In the winter, my bed was behind the curtain behind the stove. Sometimes I slept on the big tile oven to keep warm. The curtain was all covered with ash and I hated it. It wasn’t too bad in the dark but it looked so ugly when I had to lie there in the light, looking at the stains from the smoke. If I pretended to see letters in the stains it was more interesting. Up where I could hardly make it out, there was a smudge that looked like a lamed, and very faint, beneath it, almost a vov. Maybe it meant I was one of the secret lamed vovniks—one of the thirty-six most holy Jews in the world—that would teach them! No one ever said the lamed vovniks couldn’t be girls. Maybe I really was one and one day I would be revealed to them. They would be having supper or something, and a voice would fill the room, “Behold, my blessed Chava, one of the most holy, my righteous lamed vov.” Papa would be sorry then. He’d be sorry he didn’t send me to school in town and just let me learn from Mama and Daniel. He’d be sorry for every time he yelled at me. And Mama too, and Esther would be sorry for putting on such airs and pretending she was so much better than I was just because she was pretty and liked to crochet.
I could hear Mama making dinner. I was hungry and my stomach hurt again. My stomach hurt a lot. I wanted to cry but I wasn’t supposed to. Everyone was moving around. That was the worst.
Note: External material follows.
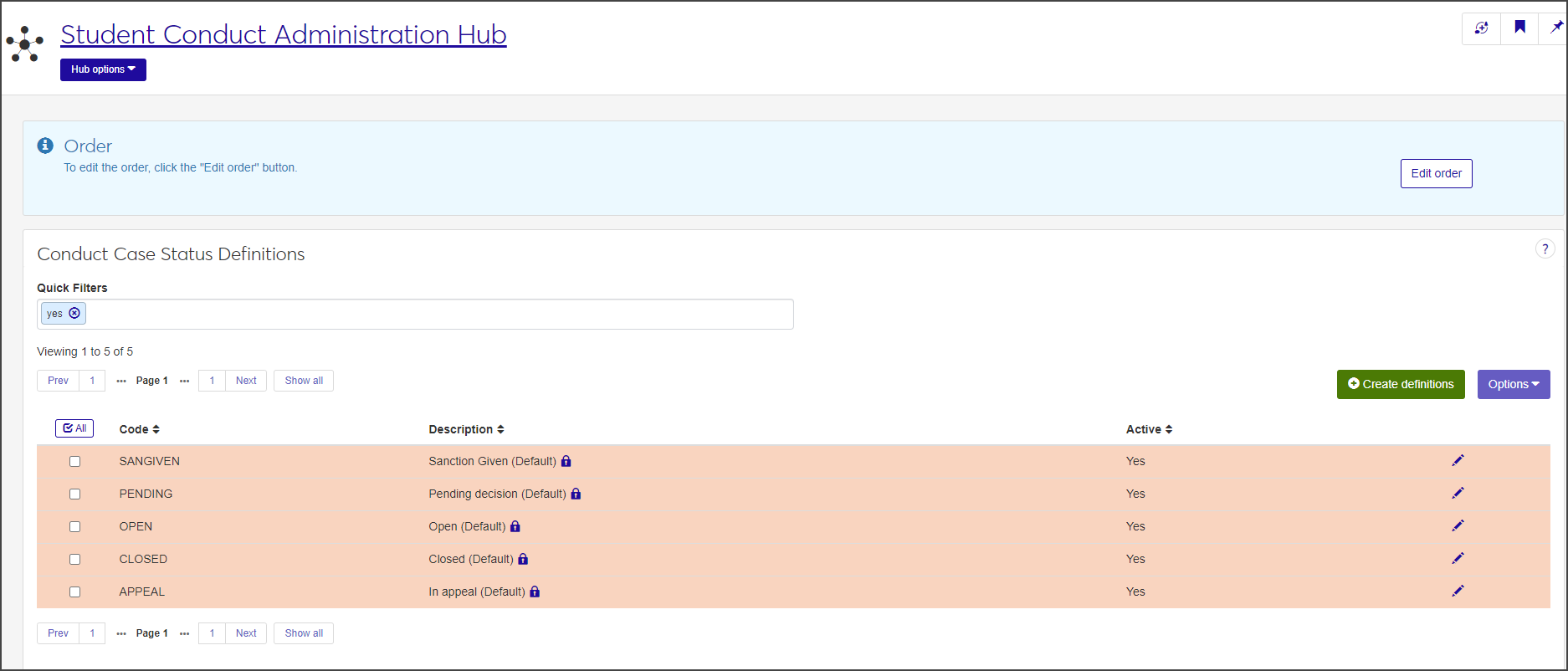 Student Conduct Case Status Definitions page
Suppose I died back here and they didn’t even notice. That would have been a sin, to let a lamed vovnik die. It was daytime and the world was moving without me. I knew that it turned around and around, Mama told me. She showed me with an apple what it meant for the earth to go around the sun. I hoped Mama would bring me dinner. She was making potato kugl, one of my favorites. I could smell the fresh grated potatoes and onions. Would she forget about me? If I could make myself cry a little, very softly, she would come and see me and I wouldn’t be so lonely. But then I would have been a coward. Papa said I had to know better. I didn’t want to know better. I wanted my goose fixed and I wanted Mama to come tell me it was going to be all right, to bring me kugl. Mama was nicer. She would have helped me fix my goose and not have made me stay in bed in the daylight.